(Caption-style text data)
== Segment start ==
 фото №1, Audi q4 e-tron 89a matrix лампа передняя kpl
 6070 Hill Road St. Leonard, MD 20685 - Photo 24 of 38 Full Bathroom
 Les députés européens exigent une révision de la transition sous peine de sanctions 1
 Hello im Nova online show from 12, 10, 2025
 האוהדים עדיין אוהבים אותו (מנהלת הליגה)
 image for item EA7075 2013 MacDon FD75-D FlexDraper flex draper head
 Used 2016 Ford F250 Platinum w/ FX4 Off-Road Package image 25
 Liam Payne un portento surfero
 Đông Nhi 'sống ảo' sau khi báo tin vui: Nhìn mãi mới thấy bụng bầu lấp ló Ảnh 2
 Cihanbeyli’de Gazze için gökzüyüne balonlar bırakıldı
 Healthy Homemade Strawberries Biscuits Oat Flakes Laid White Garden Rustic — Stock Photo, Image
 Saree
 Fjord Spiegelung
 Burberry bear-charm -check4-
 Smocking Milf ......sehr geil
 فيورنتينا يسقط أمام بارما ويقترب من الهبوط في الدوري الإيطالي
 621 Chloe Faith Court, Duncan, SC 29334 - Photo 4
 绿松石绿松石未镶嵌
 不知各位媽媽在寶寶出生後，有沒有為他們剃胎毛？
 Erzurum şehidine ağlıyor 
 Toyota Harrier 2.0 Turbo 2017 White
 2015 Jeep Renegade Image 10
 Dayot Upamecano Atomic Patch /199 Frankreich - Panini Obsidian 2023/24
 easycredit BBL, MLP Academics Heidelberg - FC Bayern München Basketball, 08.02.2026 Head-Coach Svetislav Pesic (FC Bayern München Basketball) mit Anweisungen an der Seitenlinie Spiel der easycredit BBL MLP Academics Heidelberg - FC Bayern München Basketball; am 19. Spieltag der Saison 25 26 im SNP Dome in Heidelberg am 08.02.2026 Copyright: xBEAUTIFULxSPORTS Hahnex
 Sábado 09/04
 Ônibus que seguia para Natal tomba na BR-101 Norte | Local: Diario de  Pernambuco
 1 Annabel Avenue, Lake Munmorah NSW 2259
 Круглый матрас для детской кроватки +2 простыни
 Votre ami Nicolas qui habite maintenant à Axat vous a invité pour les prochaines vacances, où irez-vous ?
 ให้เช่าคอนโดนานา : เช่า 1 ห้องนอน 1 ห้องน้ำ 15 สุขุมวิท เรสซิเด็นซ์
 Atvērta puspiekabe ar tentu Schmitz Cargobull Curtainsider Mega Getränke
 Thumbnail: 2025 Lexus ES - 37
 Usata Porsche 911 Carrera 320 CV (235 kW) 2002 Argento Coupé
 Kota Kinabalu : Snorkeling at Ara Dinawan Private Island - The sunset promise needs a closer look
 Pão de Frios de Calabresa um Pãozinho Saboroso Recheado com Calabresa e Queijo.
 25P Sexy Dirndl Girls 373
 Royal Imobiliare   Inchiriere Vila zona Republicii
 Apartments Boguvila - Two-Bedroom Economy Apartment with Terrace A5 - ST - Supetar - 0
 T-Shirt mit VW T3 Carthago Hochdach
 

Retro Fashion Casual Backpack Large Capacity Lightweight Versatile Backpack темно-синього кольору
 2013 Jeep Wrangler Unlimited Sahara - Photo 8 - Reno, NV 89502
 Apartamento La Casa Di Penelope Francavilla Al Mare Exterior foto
== Segment end ==
◆ **ACTION ITEM**: Which lines run from the one containing "1 Annabel Avenue, Lake Munmorah NSW 2259" to the end of the data? Output them exactly, with nothing added.

◆ **ANSWER SPACE**:
 1 Annabel Avenue, Lake Munmorah NSW 2259
 Круглый матрас для детской кроватки +2 простыни
 Votre ami Nicolas qui habite maintenant à Axat vous a invité pour les prochaines vacances, où irez-vous ?
 ให้เช่าคอนโดนานา : เช่า 1 ห้องนอน 1 ห้องน้ำ 15 สุขุมวิท เรสซิเด็นซ์
 Atvērta puspiekabe ar tentu Schmitz Cargobull Curtainsider Mega Getränke
 Thumbnail: 2025 Lexus ES - 37
 Usata Porsche 911 Carrera 320 CV (235 kW) 2002 Argento Coupé
 Kota Kinabalu : Snorkeling at Ara Dinawan Private Island - The sunset promise needs a closer look
 Pão de Frios de Calabresa um Pãozinho Saboroso Recheado com Calabresa e Queijo.
 25P Sexy Dirndl Girls 373
 Royal Imobiliare   Inchiriere Vila zona Republicii
 Apartments Boguvila - Two-Bedroom Economy Apartment with Terrace A5 - ST - Supetar - 0
 T-Shirt mit VW T3 Carthago Hochdach
 

Retro Fashion Casual Backpack Large Capacity Lightweight Versatile Backpack темно-синього кольору
 2013 Jeep Wrangler Unlimited Sahara - Photo 8 - Reno, NV 89502
 Apartamento La Casa Di Penelope Francavilla Al Mare Exterior foto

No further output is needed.